Addressing deforestation and its links to leather supply chains is the goal of a new partnership between the Gibbs Land Use and Environment Lab (GLUE) at the University of Wisconsin-Madison, National Wildlife Federation (NWF), the World Wildlife Fund (WWF), and the Leather Working Group (LWG). The project is led by Holly Gibbs, a professor in the Nelson Institute Center for Sustainability and the Global Environment (SAGE) and Department of Geography, and Lisa Rausch an assistant scientist with SAGE.
GLUE will leverage their scholarship and expertise to support the project by sharing the latest data, maps, and assessments related to deforestation in the Brazilian Amazon and Cerrado, and the Paraguayan Chaco. Using this information, the group will develop a framework that will help leather industry stakeholders to assess deforestation risks and ensure accountability.

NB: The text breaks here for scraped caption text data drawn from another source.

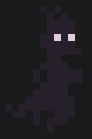 image.png.2eda261bdd4cbc9110991a1f2fef987f.png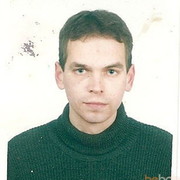  ,   Denis, 41 ,   ,   , c 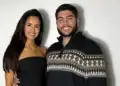 ExMiss Grand Orlando 2025 fallece junto a su pareja tras los terremotos en Venezuela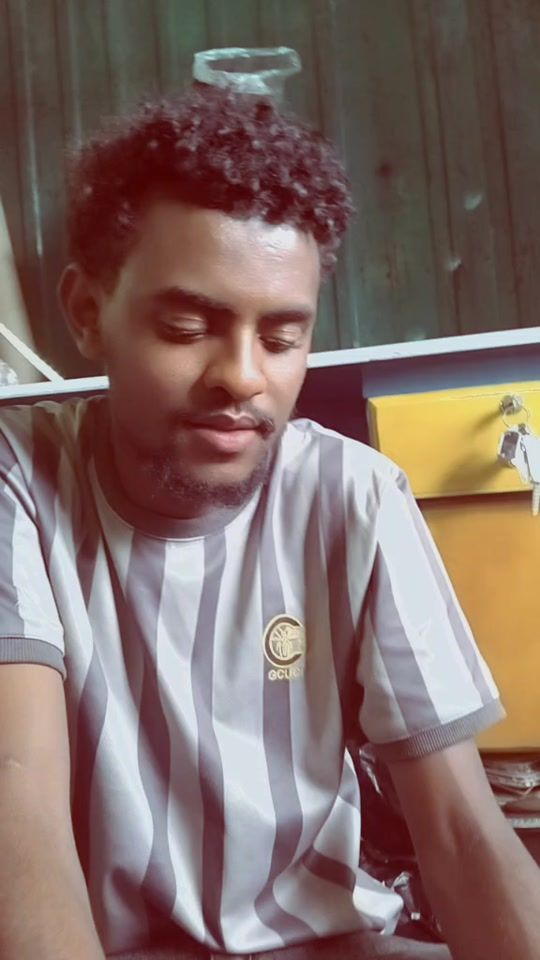 TikTok video thumbnail by hamdex.or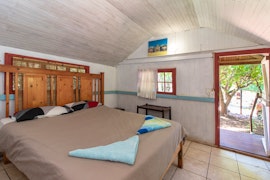 Sarah Baartman District Accommodation at  | Viya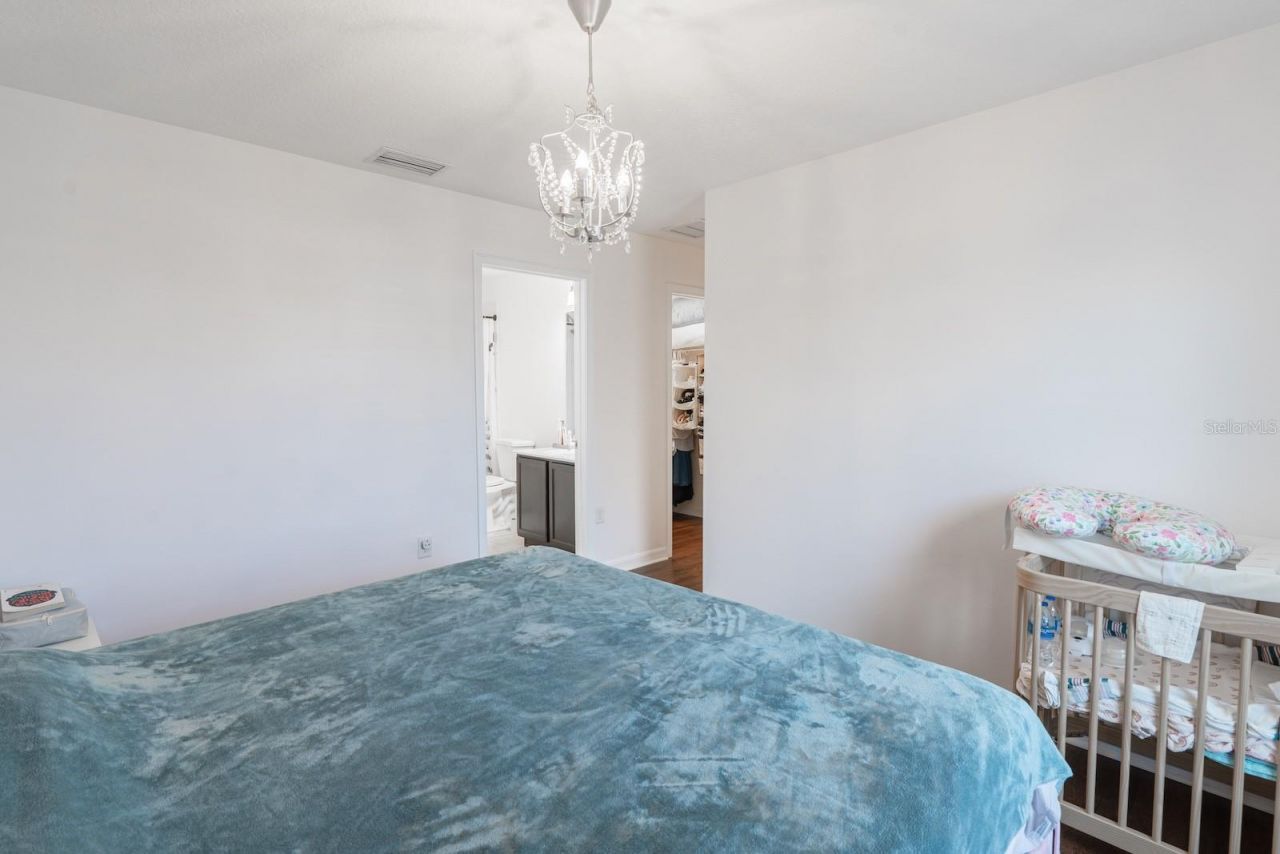360 Hope Bay Loop, Apollo Beach, FL 33572 Photo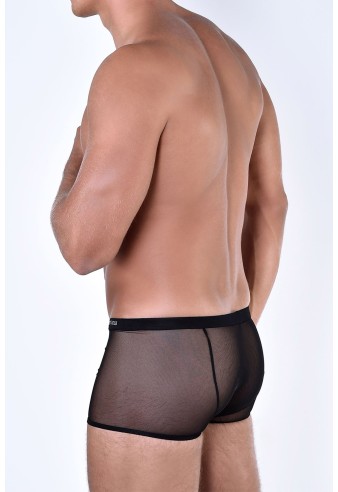 Trunks ROBERTO LUCCA 80043 00120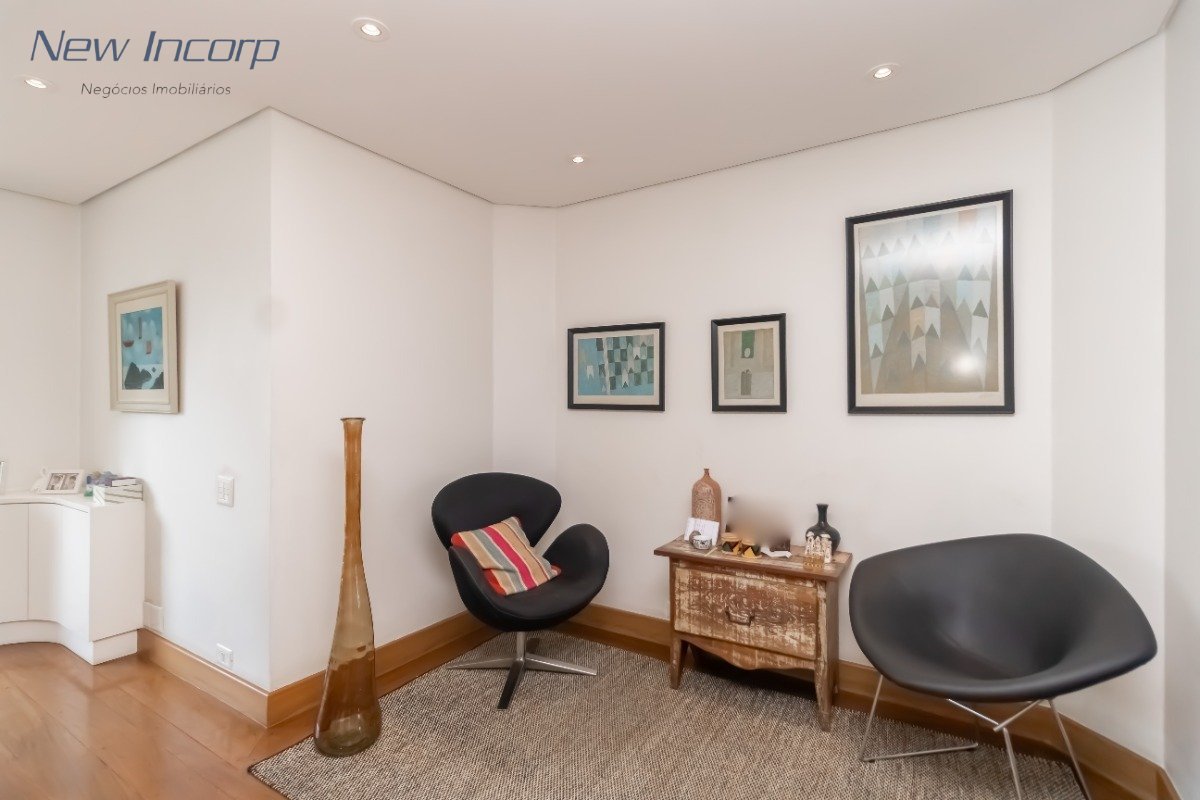 1722281429248-img_008305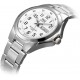 Ceas Barbati, Q&Q by Citizen, Classic A164J204Y
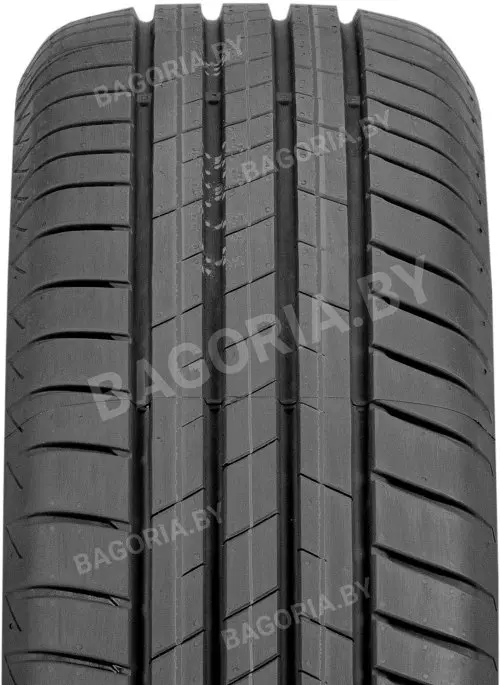 Летняя шина Lassa Competus H/P 3 Летняя шина Lassa Competus H/P 3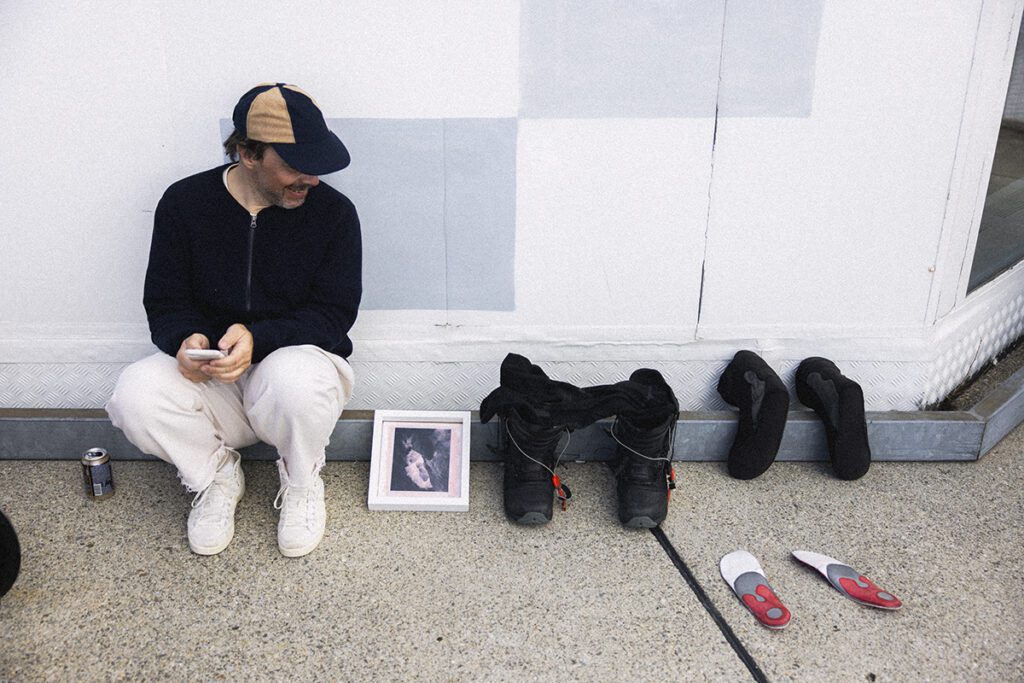 Tidal Q&A with Aaron Schwartz ThomasStockli 7787 TheoAcworth FullresSBI2 web ready 1200px 72ppi 007 1024x683 - Tidal Q&A with Aaron Schwartz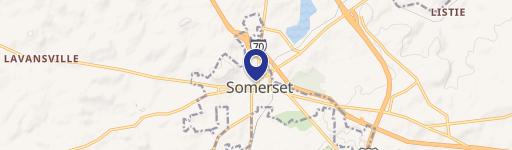 Multi-Use Commercial Property For Sale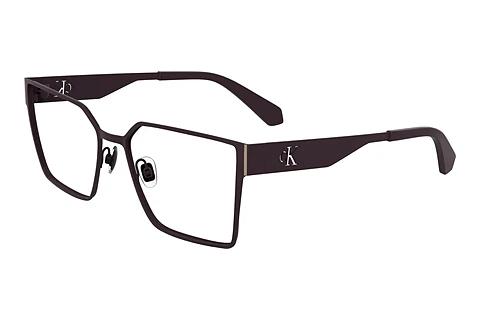 Designer briller Calvin Klein CKJ24209 505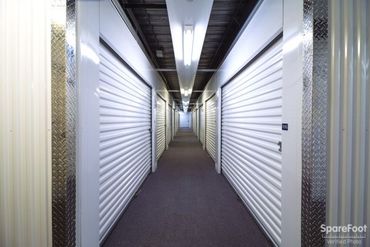 Storage Image 17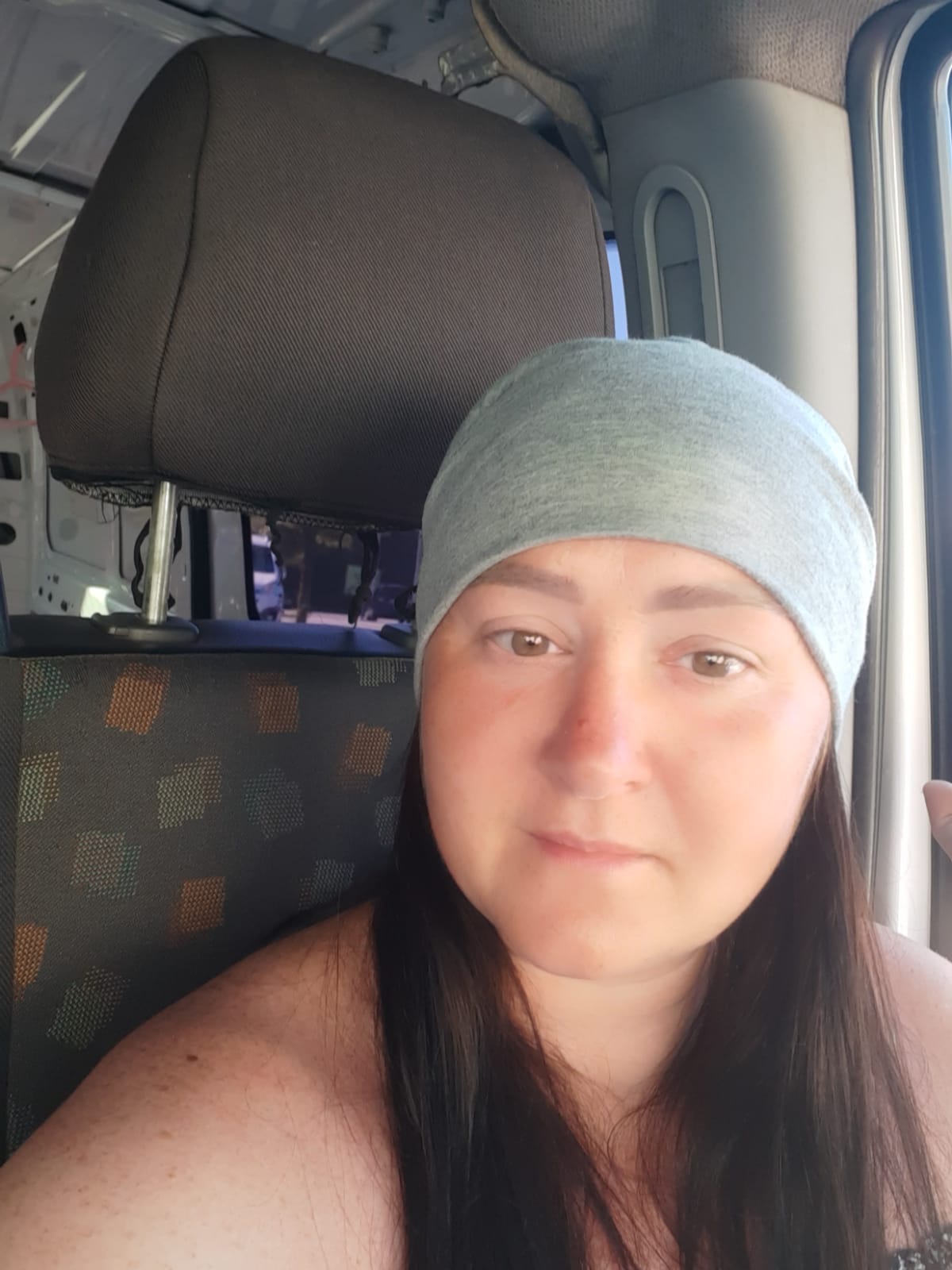 Kik foto 3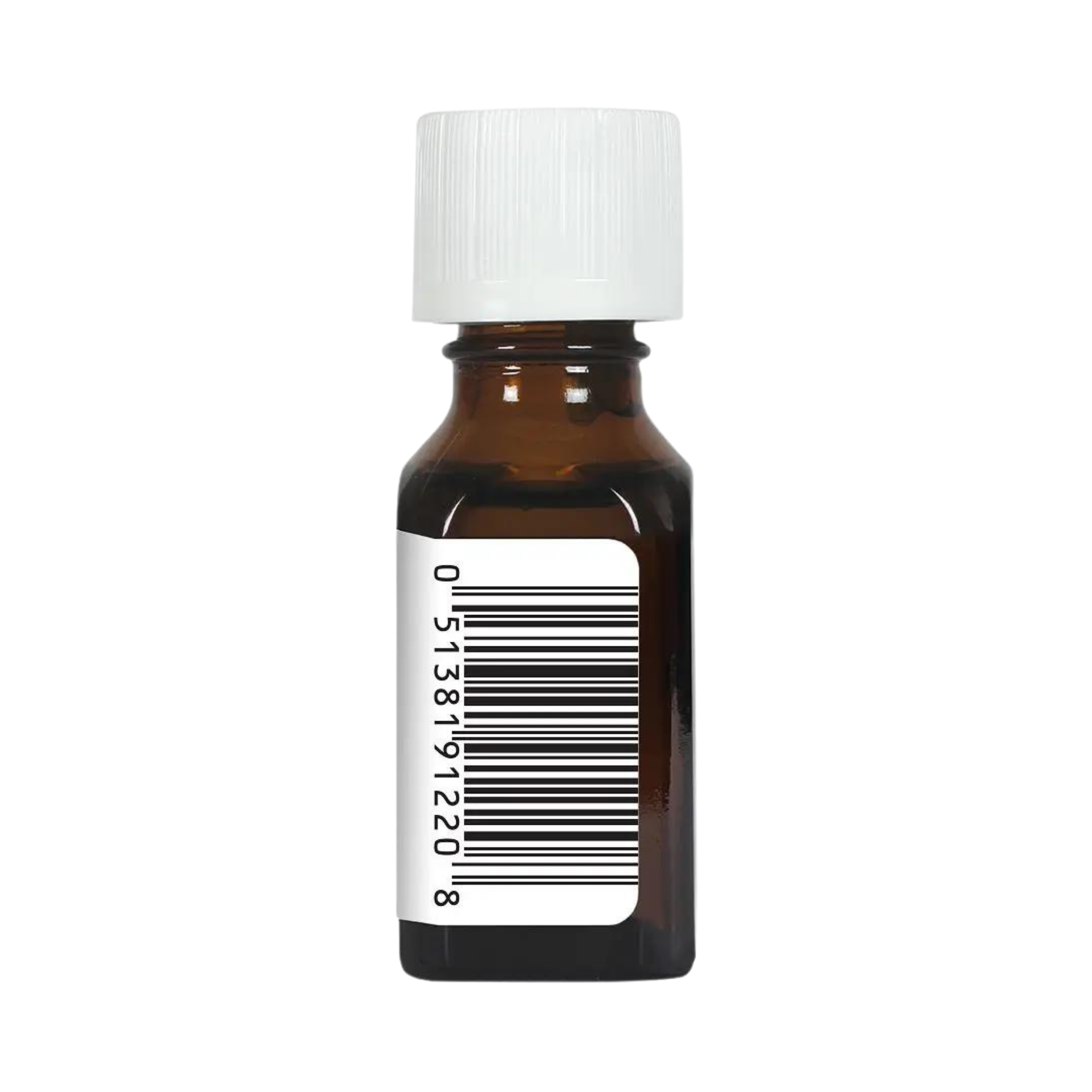 Aura Cacia, Essential Oil, Black Pepper, 0.5 Oz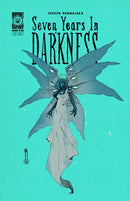 SEVEN YEARS IN DARKNESS YEAR THREE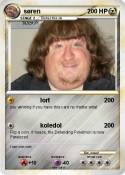 søren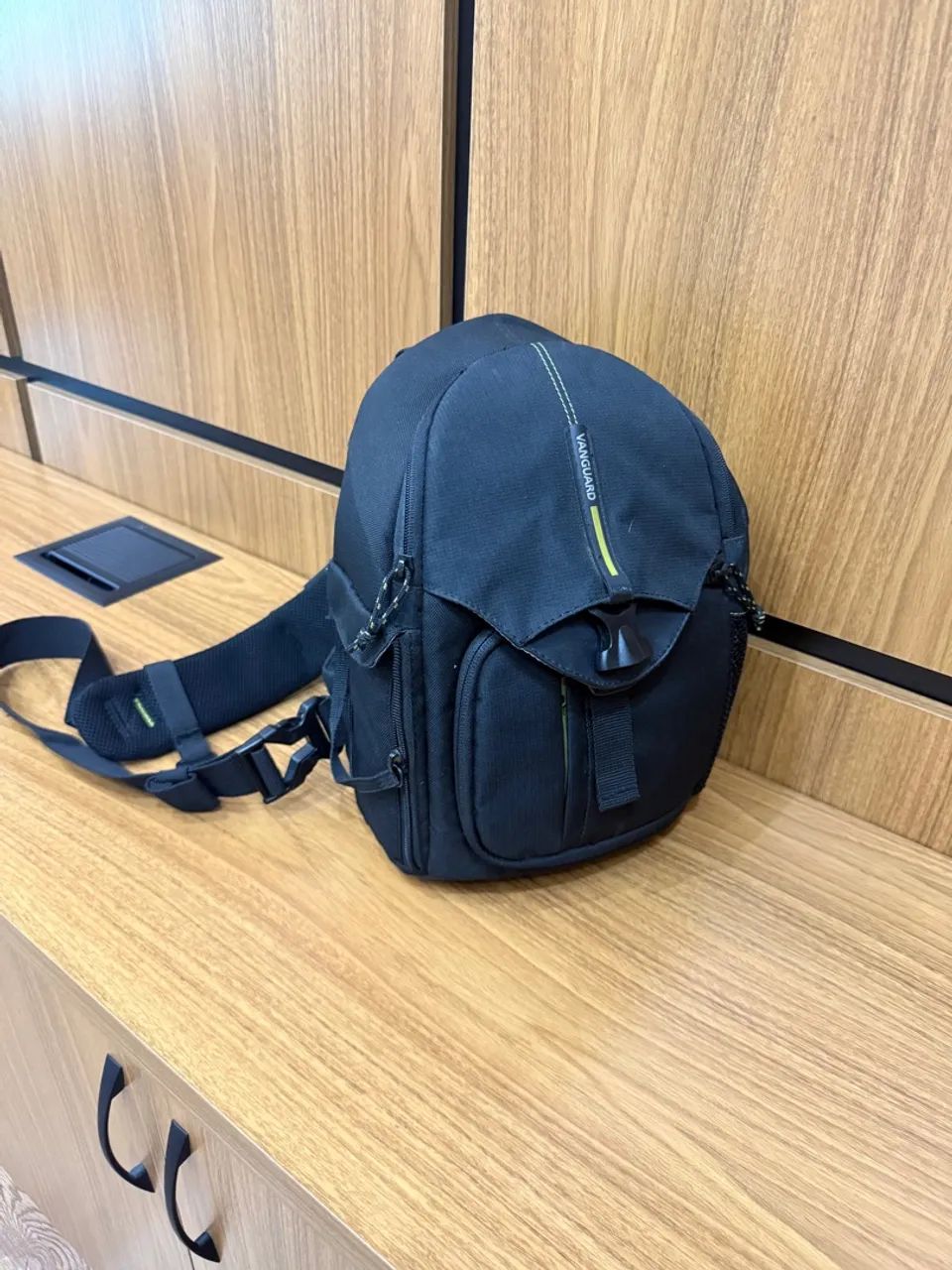 Canon T6 acompanha lentes  - Foto 5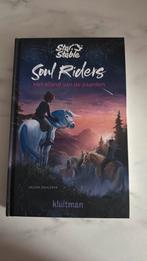 Helena Dahlgren - Het eiland van de paarden, Boeken, Kinderboeken | Jeugd | 10 tot 12 jaar, Ophalen of Verzenden, Zo goed als nieuw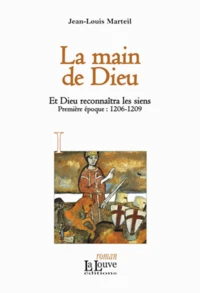 La main de Dieu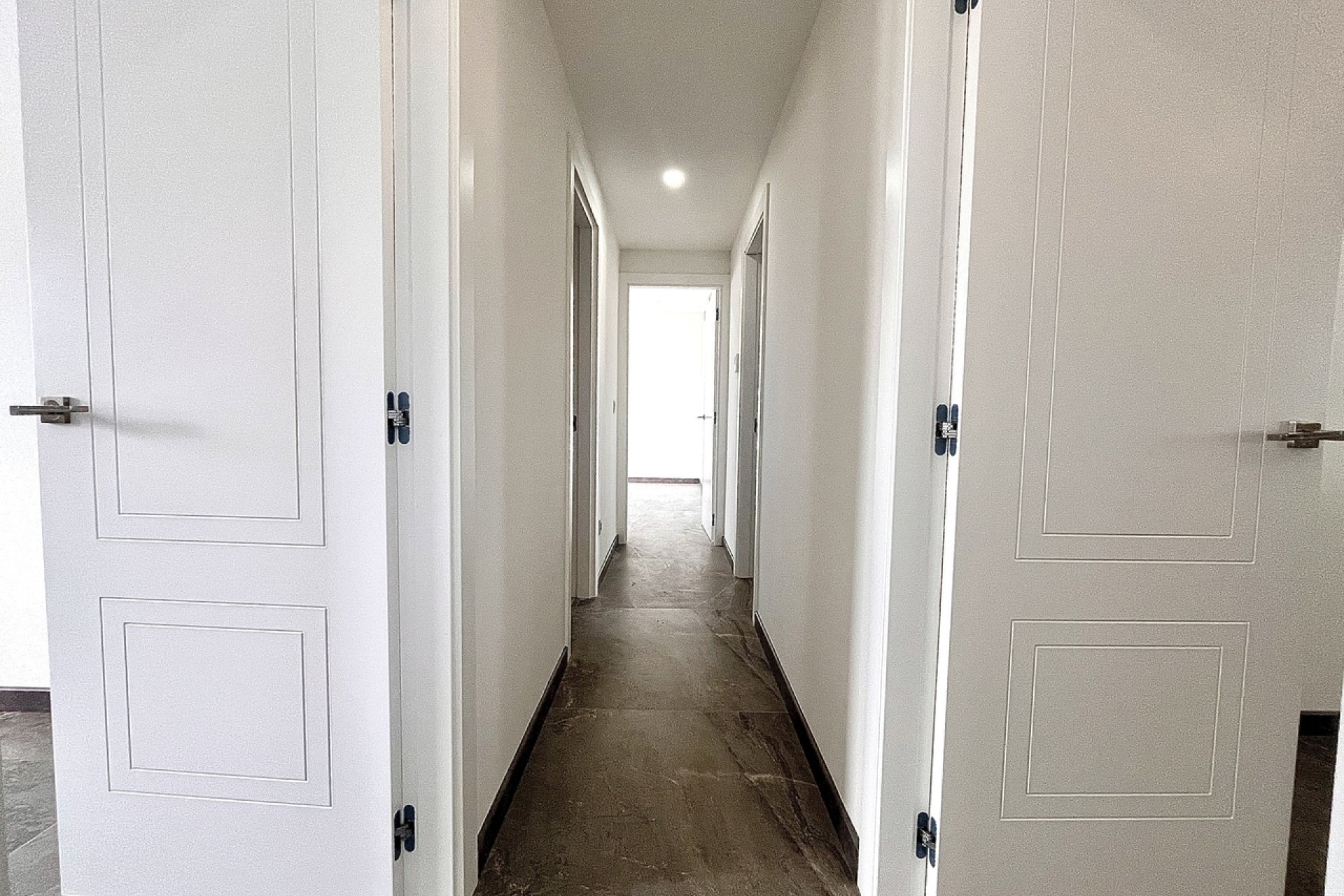 Reventa - Villa - Torrevieja - Los Balcones - Los Altos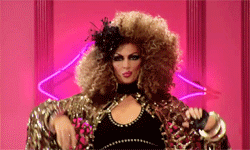 drag-race-25-alyssa-edwards-hands-doorway.gif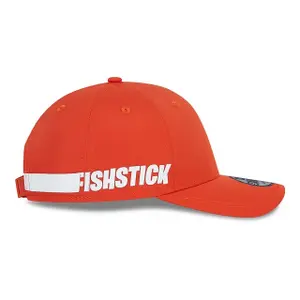 9forty cap New Era Fortnite Fishstick Side Strike image-1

“Over the last decade, we have been developing and using data science tools to help save the Amazon. We now have a massive property-level database that allows us to track cattle transactions across key Amazonian states and understand how ranchers, slaughterhouses, and tanneries respond to public and private sector policies,” Gibbs said. “The database allows us to conduct cutting edge academic research while also producing the solutions that can be used by the private sector.”
Gibbs and her team are known for their pioneering work to track deforestation, particularly in South America. They are currently utilizing cattle movement and supply chain data to track outcomes from the Zero-Deforestation Commitments in the Brazilian Amazon. The team of researchers and data engineers have used these findings to create a free, cloud-based supply chain traceability tool called Visipec designed for use by Brazilian meatpackers within the cattle sector. Visipec allows meatpackers to see, for the first time, which indirect suppliers with deforestation on their properties sell cattle to the properties that directly sell cattle to slaughterhouses. Increased visibility of these indirect suppliers to the meatpackers is essential to efforts to fully remove deforestation from beef supply chains and to reduce overall deforestation driven by expansion of cattle pastures, which is a leading cause of soaring deforestation rates in the Amazon.
This project aligns with GLUE’s previous work and goals as this project will facilitate traceability and transparency in the leather supply chain. In fact, that goal of the group is to work toward fully deforestation and conversion free (DCF) leather supply chains.
Rausch explained, “Leather is a key value chain linked to the cattle sector. This initiative will play an important role in motivating meatpackers to increase their ambition for reducing deforestation and to accelerate full implementation of their existing commitments.”
Gibbs’ work related to this project has also been highlighted in The Washington Post and the New York Times.